Alexander E. Merkler, MD

Bodhankar S, Chen Y, Lapato A, Dotson AL, Wang J, Vandenbark AA, et al. PD-L1 Monoclonal Antibody Treats Ischemic Stroke by Controlling Central Nervous System Inflammation. Stroke. 2015
Treatment options for acute ischemic stroke are limited. Although tPA and endovascular clot retrieval are beneficial, they are time-limited treatments which are not available to the majority of patients with stroke. Although targeting post-stroke inflammation is not a new concept, new advances in immunotherapy may lead to huge advances in post-stroke therapy.

Post-stroke inflammation begins with release of reactive oxygen species, which may trigger a cascade of activating complement, platelets, and endothelial cells leading to further neurological injury. Reperfusion, one of the goals of early acute ischemic stroke treatment, may also enhance the inflammatory process and lead to additional injury to brain tissue.
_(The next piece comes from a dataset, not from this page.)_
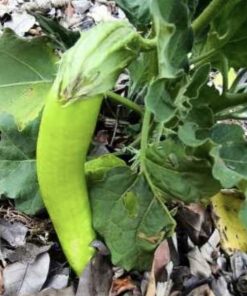Semilla Berenjena Verde Larga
Dr. Bodhankar et al assess a new immunotherapy aimed at reducing the inflammation related to post-stroke reperfusion injury. The current study builds on their prior research, which showed that Programmed Death 1 (PD-1) receptor and its two ligands (PD-L1 and PD-L2) regulate the function of inflammatory immune cells and that mice deficient in the PD-L1 ligand had smaller infarct volumes when exposed to middle cerebral artery occlusion (MCAO). Based on the potentially pathogenic role of PD-L1 ligand, in the current study, the authors assess the effectiveness of blocking PD-L1 using a monoclonal antibody and assess outcomes via measuring stroke infarct volume and neurologic function.
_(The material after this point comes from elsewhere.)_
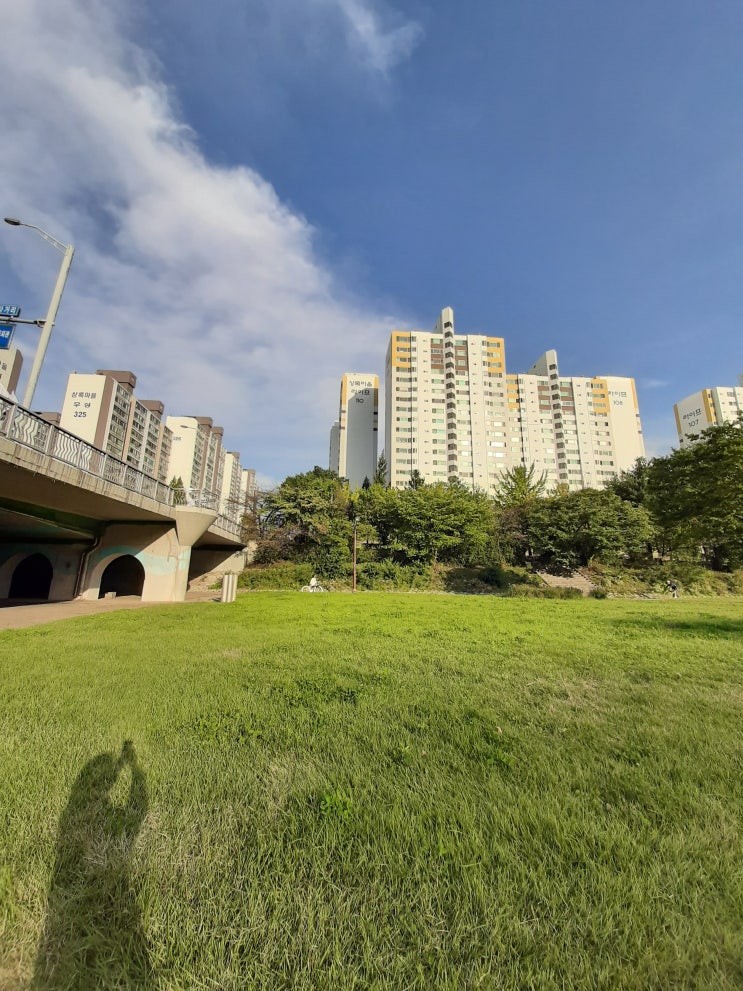  분당 가볼만한 곳 탄천 나들이~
Mice were exposed to transient focal ischemia via 1 hour of MCAO in the right brain hemisphere followed by 96h of reperfusion. Mice were given either monoclonal anti-PD-L1 antibody or an isotype matched control 4 hours following MCAO. First, the results support the theory that stroke and/or reperfusion leads to inflammation as both groups of mice had elevated leukocyte counts in the affected hemisphere, but not in the unaffected hemisphere. Second, as compared to mice treated with the control drug, mice treated with the monoclonal anti-PD-L1 antibody had a reduced number of pro-inflammatory cells in the ischemic hemisphere, supporting the anti-inflammatory effect of the antibody. Third, and most importantly, at 96 hours, infarct volume and neurological deficit were significantly reduced in mice that received the monocloncal antibody as compared to the matched controls. Noteworthy, however, is that 5 of the 73 monocloncal antibody treated mice developed severe hemorrhage and were excluded from the analysis while not of the control mice developed this complication.

Overall, the study provides exciting new vigor to post-stroke immunotherapy treatment. Blocking PD-L1 may be a viable treatment strategy in reducing post-stroke inflammation and thereby stroke infarct volume and neurological injury.